= WHAT IS EXPECTED =
Reply with exactly the lines from the one that contains "The Marcello Sofa - Pebbled Leather Stone" through the last line of the records below, and with no other lines.

= EXERCISE DATA =
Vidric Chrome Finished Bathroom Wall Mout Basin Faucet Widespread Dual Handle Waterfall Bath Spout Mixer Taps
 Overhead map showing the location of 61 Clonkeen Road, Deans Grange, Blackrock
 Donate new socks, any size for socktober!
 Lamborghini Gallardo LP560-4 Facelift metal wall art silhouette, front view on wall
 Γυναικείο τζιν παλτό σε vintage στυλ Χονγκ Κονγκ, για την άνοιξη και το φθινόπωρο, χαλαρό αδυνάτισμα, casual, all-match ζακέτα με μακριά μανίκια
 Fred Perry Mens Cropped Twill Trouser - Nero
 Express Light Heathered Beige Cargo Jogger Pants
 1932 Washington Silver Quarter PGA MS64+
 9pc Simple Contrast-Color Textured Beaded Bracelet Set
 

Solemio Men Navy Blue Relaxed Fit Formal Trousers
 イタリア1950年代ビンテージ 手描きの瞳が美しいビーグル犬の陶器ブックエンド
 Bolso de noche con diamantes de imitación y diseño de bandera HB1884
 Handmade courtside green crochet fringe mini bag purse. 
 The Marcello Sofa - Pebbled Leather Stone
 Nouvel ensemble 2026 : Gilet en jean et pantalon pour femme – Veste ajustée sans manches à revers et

= RESULT OF THE EXERCISE =
 The Marcello Sofa - Pebbled Leather Stone
 Nouvel ensemble 2026 : Gilet en jean et pantalon pour femme – Veste ajustée sans manches à revers et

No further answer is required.